A closer look at Nvidia’s Kepler GPU

Nvidia recently debuted its long-awaited Kepler GPU lineup, which is based on 28-nanometer (nm) process technology and succeeds the 40-nm Fermi.



As you may recall, Kepler is Nvidia’s first new graphics architecture in several years. As the successor to Fermi, it is likely to form the basis of graphics products for the next few years on TSMC’s 28nm process. 

Indeed, according to Silicon Valley analyst David Kanter, the GTX 680 is the first real implementation of Kepler and demonstrates excellent results.

“The aggregate single precision shader performance is 3TFLOP/s at the base frequency, about 2.4× faster than the GTX 560. Perhaps the most encouraging part of the story is that Kepler appears to be remarkably area and power efficient,” Kanter wrote in an analysis posted on RealWorld Tech.

“The GTX 680 is a 195W TDP card and the GPU packs in 3.54B transistors in 294mm2. Previous generations from Nvidia were quite inefficient, likely due to the focus on general purpose computational workloads. [However], the first Kepler products significantly improve the GFLOP/S/W and GFLOP/S/mm2 beyond simply process technology scaling, which bodes well for the architecture.”



As an added bonus, says Kanter, Nvidia’s memory interfaces seem to have finally matured, as memory was a persistent weakness in every Nvidia GPU and a significant competitive disadvantage over the past 4-5 years.
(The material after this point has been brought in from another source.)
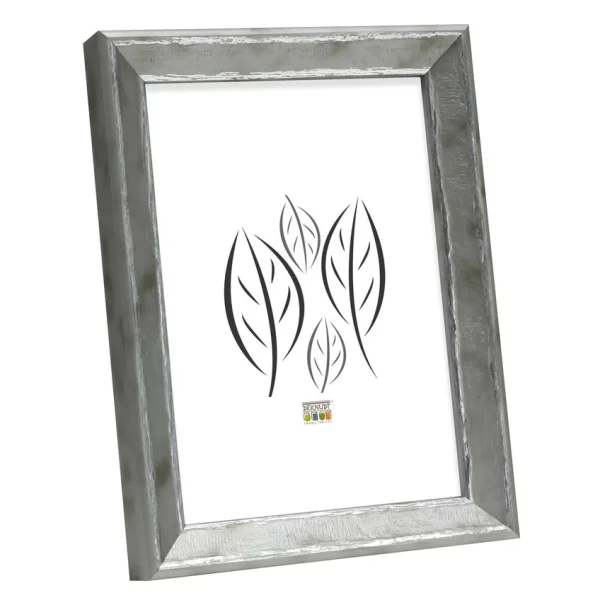 Kunststoff Bilderrahmen Amel 18x24 cm | silber | Normalglas (2 mm)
Nevertheless, the GTX 680’s GDDR5 memory has caught up with and even exceeded AMD by reaching 6GT/s. 

Kanter also opined that Nvidia’s Kepler core remains a “poor fit” for non-consumer compute applications, as the excellent efficiency for graphics has undoubtedly come at the cost of general purpose workloads.


“Nvidia’s architects made a conscious choice to quadruple the FLOPs for each core, but only double the bandwidth for shared data,” Kanter explained.



“The result? The older Fermi generation is substantially better suited to general purpose workloads and will continue to be preferred for many applications.”



Simply put, notes Kanter, it is highly likely that Nvidia’s upcoming compute products will use a core that is tuned for general purpose workloads. Such a revamped core would be a derivative of Kepler, designed to re-use as much of the engineering effort as possible, but with several significant changes.



Kanter concluded his analysis by emphasizing that Kepler represents a “tremendous milestone” for Nvidia.

“It eliminates the efficiency flaws that were found in previous generations, demonstrates good memory bandwidth, the start of a DVFS strategy and robust execution at 28nm. The graphics performance is excellent, with no compromises, and attractive power and area efficiency. This success stems from tuning the Kepler core almost exclusively for graphics.

“Going forward, it appears that Nvidia’s strategy will rely on two divergent designs; one specialized for graphics and the other for compute workloads. In the next few months, it should become apparent how this will play out, but for now the graphics side looks good,” he added.